Planning Area in Central Region, Singapore

Newton is a town that is located within the Central Area of the Central Region of Singapore. The planning area is bounded by the following planning areas - Orchard and Museum to the south, Tanglin to the west, Novena to the north, Kallang to the northeast and Rochor to the east.

Occupying an area north of the renowned Orchard Road shopping belt, the territory of Newton Planning Area includes the grounds of The Istana, the official residence and office of the President of Singapore. It is split into six subzones; Cairnhill, Goodwood Park, Istana Negara, Monk's Hill, Newton Circus and Orange Grove. Newton's namesake, Newton Road, however, is located within Novena Planning Area, and starts at Newton Circus in the south and ends at the junction with Thomson Road in the north.

==Etymology and history==
Originally Syed Ali Road, Newton Road was renamed in 1914 after Howard Newton (died 1897), the Assistant Municipal Engineer in late nineteenth century Singapore, in order to avoid confusion with Syed Alwi Road.

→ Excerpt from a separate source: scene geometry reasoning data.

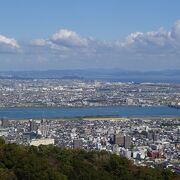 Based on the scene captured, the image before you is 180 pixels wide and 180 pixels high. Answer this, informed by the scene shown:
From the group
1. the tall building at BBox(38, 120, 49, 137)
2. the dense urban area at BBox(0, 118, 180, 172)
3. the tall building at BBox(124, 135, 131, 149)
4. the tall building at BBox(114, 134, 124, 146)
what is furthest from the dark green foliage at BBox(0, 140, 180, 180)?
the tall building at BBox(38, 120, 49, 137)

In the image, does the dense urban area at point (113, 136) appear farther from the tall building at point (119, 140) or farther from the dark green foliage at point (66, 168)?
the dark green foliage at point (66, 168)

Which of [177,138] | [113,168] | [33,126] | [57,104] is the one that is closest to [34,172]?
[113,168]

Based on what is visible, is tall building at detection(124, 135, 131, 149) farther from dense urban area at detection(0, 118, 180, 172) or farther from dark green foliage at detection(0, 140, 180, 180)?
dark green foliage at detection(0, 140, 180, 180)

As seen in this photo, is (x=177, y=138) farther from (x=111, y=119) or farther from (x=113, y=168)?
(x=113, y=168)

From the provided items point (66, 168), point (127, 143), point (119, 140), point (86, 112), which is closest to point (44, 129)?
point (119, 140)

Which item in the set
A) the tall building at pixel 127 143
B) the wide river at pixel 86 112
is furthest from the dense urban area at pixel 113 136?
the wide river at pixel 86 112

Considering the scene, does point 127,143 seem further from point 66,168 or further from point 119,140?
point 66,168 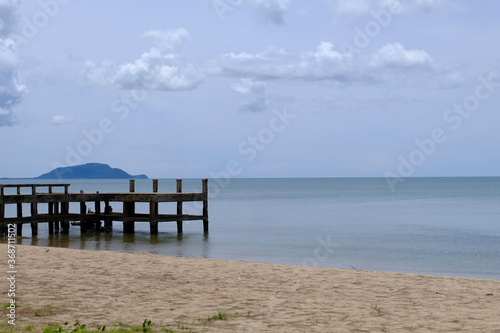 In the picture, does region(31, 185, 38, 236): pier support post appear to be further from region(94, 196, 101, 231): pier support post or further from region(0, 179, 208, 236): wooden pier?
region(94, 196, 101, 231): pier support post

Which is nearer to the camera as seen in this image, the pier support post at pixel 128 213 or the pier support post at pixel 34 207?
the pier support post at pixel 34 207

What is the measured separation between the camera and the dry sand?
32.9ft

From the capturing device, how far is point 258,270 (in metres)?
16.8

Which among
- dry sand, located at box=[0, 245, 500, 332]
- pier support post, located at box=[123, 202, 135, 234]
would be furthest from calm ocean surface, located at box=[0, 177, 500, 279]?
dry sand, located at box=[0, 245, 500, 332]

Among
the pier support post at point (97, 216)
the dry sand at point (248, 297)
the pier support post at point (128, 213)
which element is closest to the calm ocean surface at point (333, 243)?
the pier support post at point (128, 213)

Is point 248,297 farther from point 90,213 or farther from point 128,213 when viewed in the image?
point 90,213

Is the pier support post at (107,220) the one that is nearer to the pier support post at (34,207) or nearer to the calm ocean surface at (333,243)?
the calm ocean surface at (333,243)

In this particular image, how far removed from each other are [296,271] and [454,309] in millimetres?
5677

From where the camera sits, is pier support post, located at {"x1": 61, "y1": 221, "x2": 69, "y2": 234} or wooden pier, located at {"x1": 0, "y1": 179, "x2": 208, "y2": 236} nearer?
wooden pier, located at {"x1": 0, "y1": 179, "x2": 208, "y2": 236}

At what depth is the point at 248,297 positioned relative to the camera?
491 inches

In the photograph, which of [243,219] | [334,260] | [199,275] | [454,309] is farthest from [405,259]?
[243,219]

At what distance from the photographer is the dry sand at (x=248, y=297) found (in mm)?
10016

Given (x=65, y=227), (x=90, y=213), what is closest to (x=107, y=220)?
(x=90, y=213)

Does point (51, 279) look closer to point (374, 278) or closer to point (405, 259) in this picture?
point (374, 278) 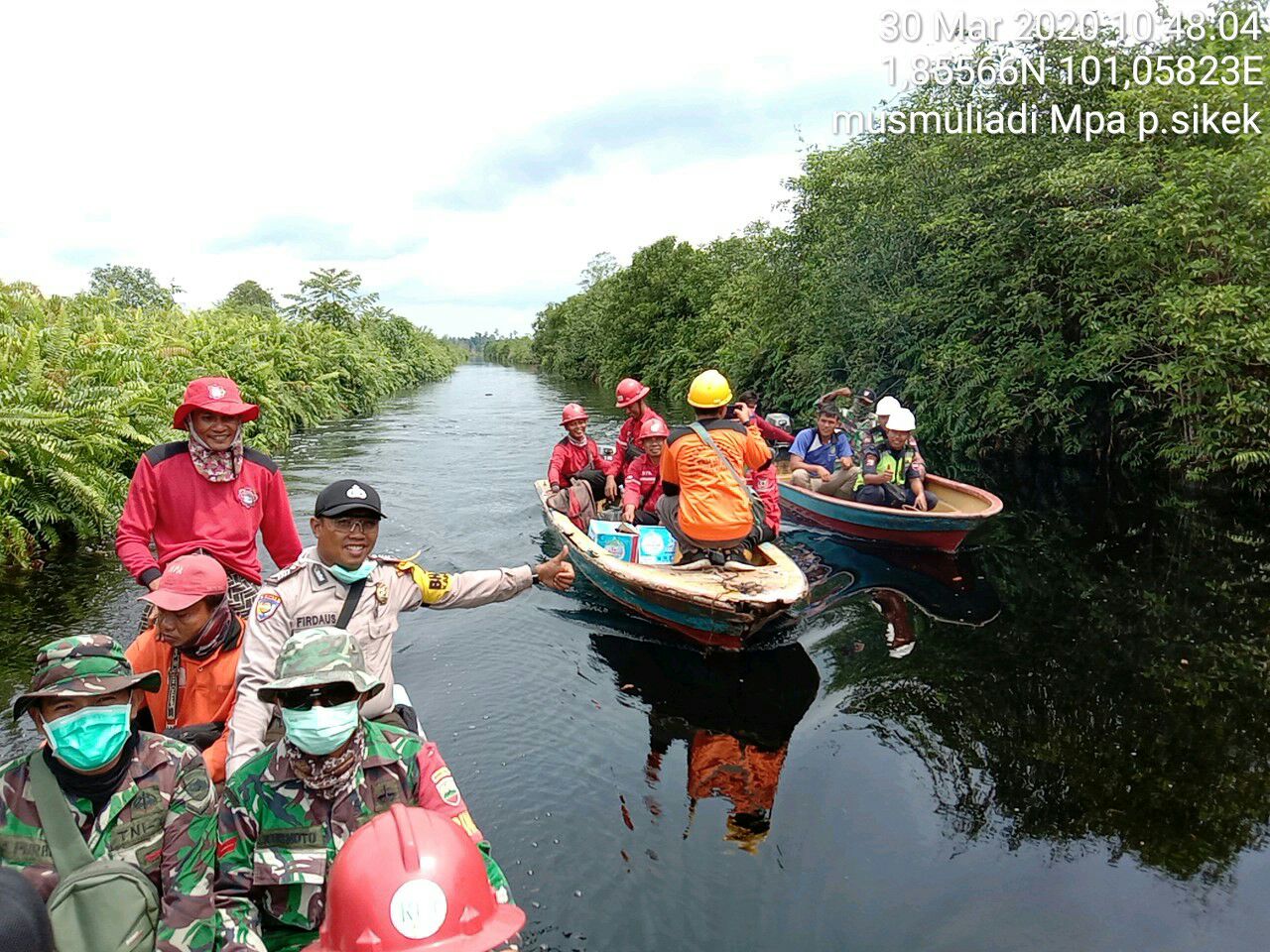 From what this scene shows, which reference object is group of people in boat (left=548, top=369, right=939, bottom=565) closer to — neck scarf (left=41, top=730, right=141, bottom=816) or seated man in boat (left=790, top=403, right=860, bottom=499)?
seated man in boat (left=790, top=403, right=860, bottom=499)

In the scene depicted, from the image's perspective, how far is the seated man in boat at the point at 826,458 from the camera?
1123cm

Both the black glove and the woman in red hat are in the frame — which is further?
the woman in red hat

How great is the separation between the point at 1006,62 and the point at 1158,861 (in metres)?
15.8

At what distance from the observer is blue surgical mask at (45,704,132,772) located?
7.78 feet

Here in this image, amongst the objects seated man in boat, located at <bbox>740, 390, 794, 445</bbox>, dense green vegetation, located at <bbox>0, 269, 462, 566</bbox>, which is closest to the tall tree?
dense green vegetation, located at <bbox>0, 269, 462, 566</bbox>

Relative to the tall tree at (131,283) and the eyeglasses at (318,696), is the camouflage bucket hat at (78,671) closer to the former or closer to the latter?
the eyeglasses at (318,696)

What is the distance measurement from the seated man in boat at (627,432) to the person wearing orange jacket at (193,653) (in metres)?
5.77

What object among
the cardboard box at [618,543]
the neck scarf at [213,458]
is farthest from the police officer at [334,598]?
the cardboard box at [618,543]

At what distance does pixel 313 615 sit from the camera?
3.45 meters

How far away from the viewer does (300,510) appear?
→ 1296 cm

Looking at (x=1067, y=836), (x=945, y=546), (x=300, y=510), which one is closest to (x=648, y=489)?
(x=945, y=546)

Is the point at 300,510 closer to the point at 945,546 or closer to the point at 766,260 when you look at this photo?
the point at 945,546

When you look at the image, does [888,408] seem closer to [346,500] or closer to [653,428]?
[653,428]

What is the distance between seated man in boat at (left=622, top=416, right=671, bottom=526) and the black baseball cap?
4981 millimetres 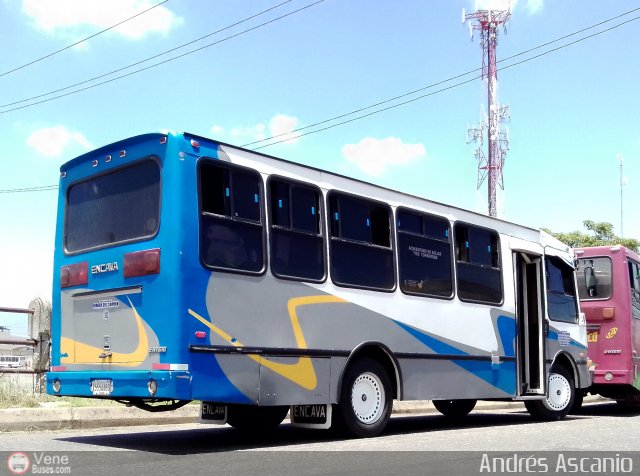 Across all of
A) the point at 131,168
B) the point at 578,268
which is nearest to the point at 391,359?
the point at 131,168

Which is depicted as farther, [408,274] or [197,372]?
[408,274]

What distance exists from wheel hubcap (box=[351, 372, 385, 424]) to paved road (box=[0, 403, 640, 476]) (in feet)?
1.08

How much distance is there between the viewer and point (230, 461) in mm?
8156

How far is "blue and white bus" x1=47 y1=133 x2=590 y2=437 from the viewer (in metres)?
8.92

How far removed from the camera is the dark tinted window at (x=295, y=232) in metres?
9.73

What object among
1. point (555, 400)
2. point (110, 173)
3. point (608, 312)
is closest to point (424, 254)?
point (555, 400)

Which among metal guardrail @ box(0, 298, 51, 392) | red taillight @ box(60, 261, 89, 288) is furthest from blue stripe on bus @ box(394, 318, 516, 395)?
metal guardrail @ box(0, 298, 51, 392)

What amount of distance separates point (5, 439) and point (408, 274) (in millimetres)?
5151

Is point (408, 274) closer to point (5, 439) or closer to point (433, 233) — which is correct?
point (433, 233)

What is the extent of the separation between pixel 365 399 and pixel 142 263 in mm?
3211

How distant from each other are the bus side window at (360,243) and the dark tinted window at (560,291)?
13.5 feet

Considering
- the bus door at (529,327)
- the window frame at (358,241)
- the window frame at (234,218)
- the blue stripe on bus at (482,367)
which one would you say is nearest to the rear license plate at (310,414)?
the window frame at (358,241)

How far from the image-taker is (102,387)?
9.32 metres

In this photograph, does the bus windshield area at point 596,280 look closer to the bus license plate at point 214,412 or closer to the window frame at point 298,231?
the window frame at point 298,231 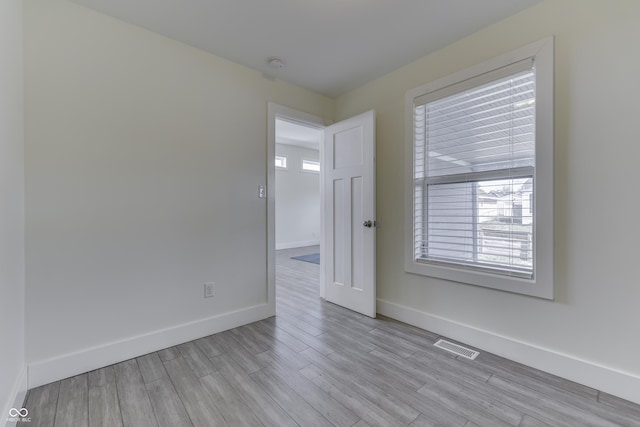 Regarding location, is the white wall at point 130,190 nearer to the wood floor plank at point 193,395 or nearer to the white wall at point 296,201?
the wood floor plank at point 193,395

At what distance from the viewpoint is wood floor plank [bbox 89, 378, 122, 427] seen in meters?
→ 1.37

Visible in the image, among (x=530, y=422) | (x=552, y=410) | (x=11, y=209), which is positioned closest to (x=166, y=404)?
(x=11, y=209)

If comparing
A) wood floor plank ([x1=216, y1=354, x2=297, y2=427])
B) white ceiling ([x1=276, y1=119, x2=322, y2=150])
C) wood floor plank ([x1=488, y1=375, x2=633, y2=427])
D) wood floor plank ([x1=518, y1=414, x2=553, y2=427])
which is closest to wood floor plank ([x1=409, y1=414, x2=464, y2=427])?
wood floor plank ([x1=518, y1=414, x2=553, y2=427])

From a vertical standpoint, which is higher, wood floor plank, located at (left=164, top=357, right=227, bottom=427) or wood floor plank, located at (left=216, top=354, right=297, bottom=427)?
wood floor plank, located at (left=216, top=354, right=297, bottom=427)

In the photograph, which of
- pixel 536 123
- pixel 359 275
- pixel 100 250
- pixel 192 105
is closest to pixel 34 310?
pixel 100 250

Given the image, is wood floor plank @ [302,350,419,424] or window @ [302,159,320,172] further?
window @ [302,159,320,172]

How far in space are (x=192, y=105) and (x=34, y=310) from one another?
1.71 meters

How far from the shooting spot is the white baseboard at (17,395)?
1.24 meters

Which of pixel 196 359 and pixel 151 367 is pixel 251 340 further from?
pixel 151 367

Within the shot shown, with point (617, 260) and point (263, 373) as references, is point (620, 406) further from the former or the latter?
point (263, 373)

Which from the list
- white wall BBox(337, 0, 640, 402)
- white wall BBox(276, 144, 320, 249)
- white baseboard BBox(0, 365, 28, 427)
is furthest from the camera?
white wall BBox(276, 144, 320, 249)

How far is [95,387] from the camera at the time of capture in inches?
64.7

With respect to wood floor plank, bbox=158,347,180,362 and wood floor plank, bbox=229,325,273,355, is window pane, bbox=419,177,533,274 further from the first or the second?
wood floor plank, bbox=158,347,180,362

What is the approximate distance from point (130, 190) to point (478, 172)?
2.56 metres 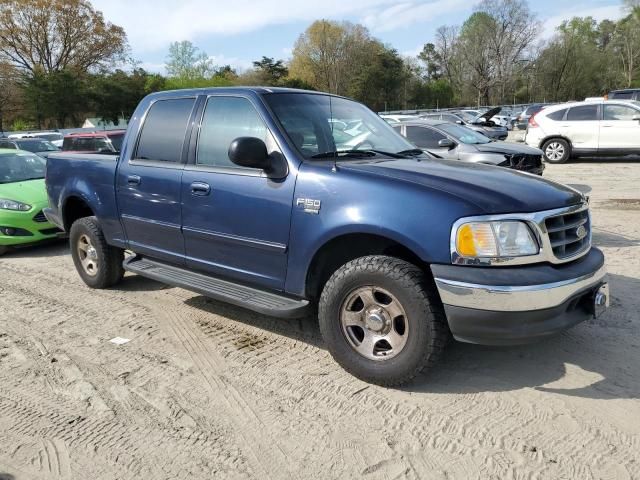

In 1933, Newton Circus, a 40 ft wide circular carriageway, was constructed for gyratory traffic according to a Singapore Improvement Trust layout at the focus of a number of converging roads, including Bukit Timah Road, Dunearn Road, Newton Road, Keng Lee Road, Kampong Java Road, Bukit Timah Road, Clemenceau Avenue and Scotts Road. As eight roads converge on the Circus, the Tamils used to call Newton ethumuchandi, or "the eight junction place".

Newton Circus has become the site of a major hawker centre, Newton Food Centre.